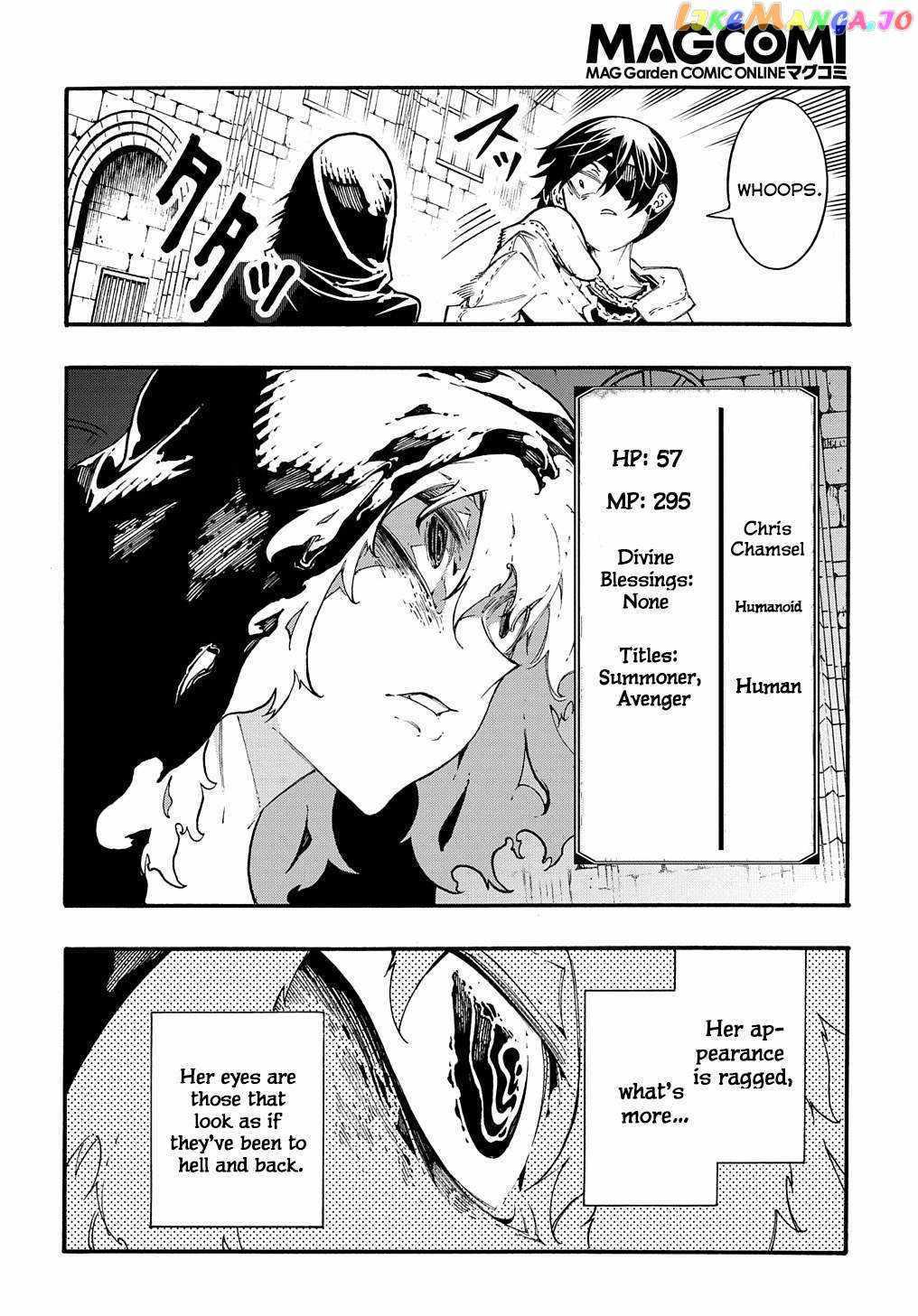 Summoned to a Parallel Fantasy World Many Times Chapter 32 page 16 - 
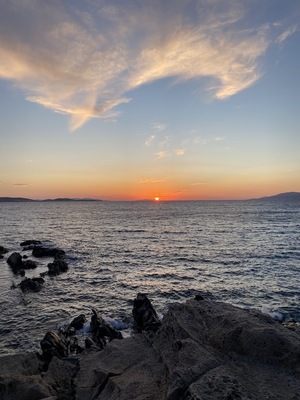 Kapari Beach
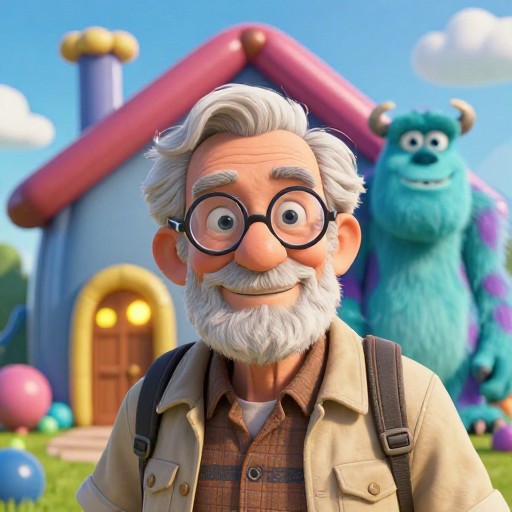 ADVENTURER - Monsters Inc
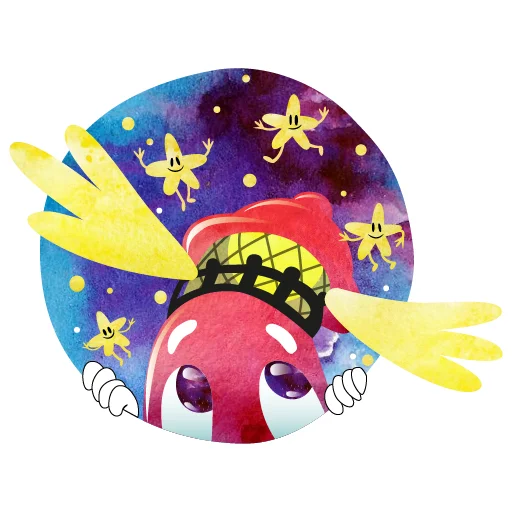 🤩 Стикер «tokoyami lighthouse» для Telegram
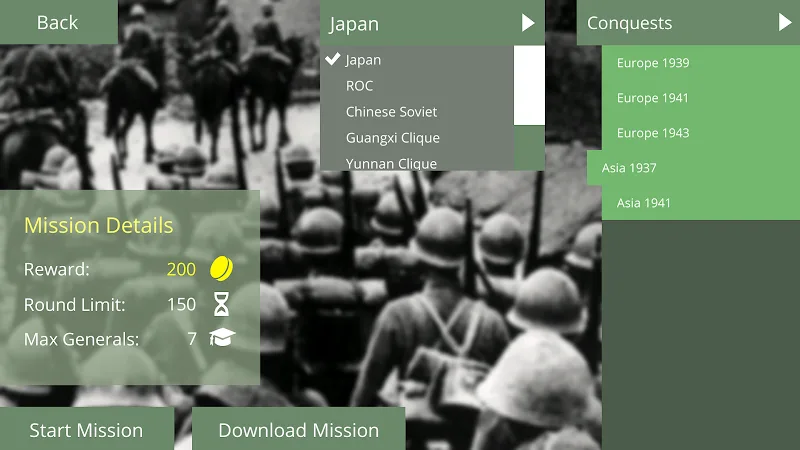 Armchair Commander screenshot 5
***
Exactly as written, return each line above and leave the pictures behind.

 Summoned to a Parallel Fantasy World Many Times Chapter 32 page 16 - 
 Kapari Beach
 ADVENTURER - Monsters Inc
 🤩 Стикер «tokoyami lighthouse» для Telegram
 Armchair Commander screenshot 5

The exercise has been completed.